Jobless claims trend downward as commodity prices rise
- May 24, 2021
Jobless claims continued their trend downward as commodity prices continue to push upward, signaling an economic recovery. Fed minutes demonstrated a “wait and see” mindset with openness to taper bond purchases in the future.
The Federal Reserve released minutes from its April policy meeting on Wednesday. The board voted unanimously to maintain current policies of buying $120 billion worth of Treasury and mortgage bonds each month in addition to holding rates near zero. This vote came prior to more recent economic data indicating a surge in inflation and constrained supply chains. While Fed officials have repeatedly stated their view that higher inflation this year will prove to be temporary, the minutes also indicated that the group may discuss plans for reducing their bond buying program at future meetings. Yields on 10-year Treasury notes rose as high as 1.69% on Wednesday after minutes were released. The U.S. dollar rallied on Wednesday based on the potential for Fed tightening, only to self-correct by the end of the week.
(Related insight: Read, “Performing a holistic review of your operational FX hedging program”)
Initial jobless claims continued their downward trend, dropping to 444,000 and establishing a new low since the pandemic started in mid-March 2020. For context, the pre-pandemic record was 695,000, recorded in 2009, with pandemic highs totaling 6.1 million in April 2020. This continued decline comes along with news that more states, now a total of 22, have planned to opt out of weekly $300 supplemental federal unemployment benefits.

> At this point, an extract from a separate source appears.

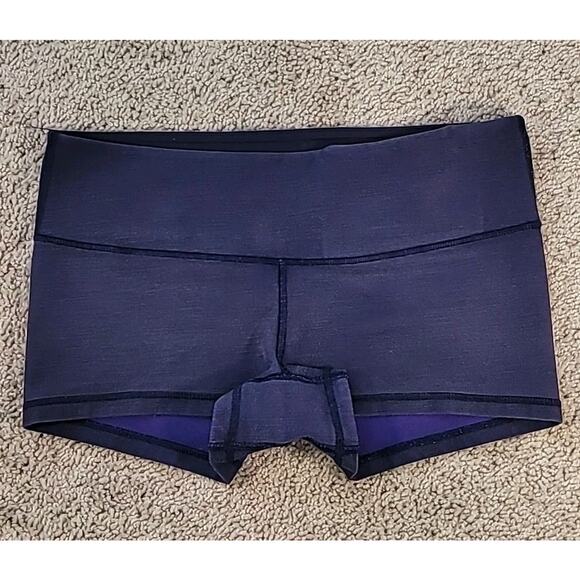 Lululemon Boogie Shorts Navy Blue Size 6 GUC Yoga Athletic Shorts - Picture 3 of 8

For individuals in those states this would end the additional $300 weekly payments by mid-June or July, ahead of the current September expiration date.
The price of crude oil rose slightly throughout the week until it dropped by $2 per barrel on Wednesday. The drop was due to concerns over a slowdown in manufacturing caused by increasing COVID case numbers in Asian countries. Additional downward pressure was fueled by fears that recent increases in inflation expectations could cause the Fed to hike interest rates sooner than expected. Signs of those inflation expectations can be seen in the price of oil, corn and gasoline futures, each of which have doubled from a year ago with lumber more than tripling in price based on data provided to the Wall Street Journal.*
(Related insight: Read, "Using commodity collars to manage market volatility")
We will look to see how the market views the U.S. recovery when the consumer confidence index is released on Tuesday. That will be followed by core inflation numbers released on Friday.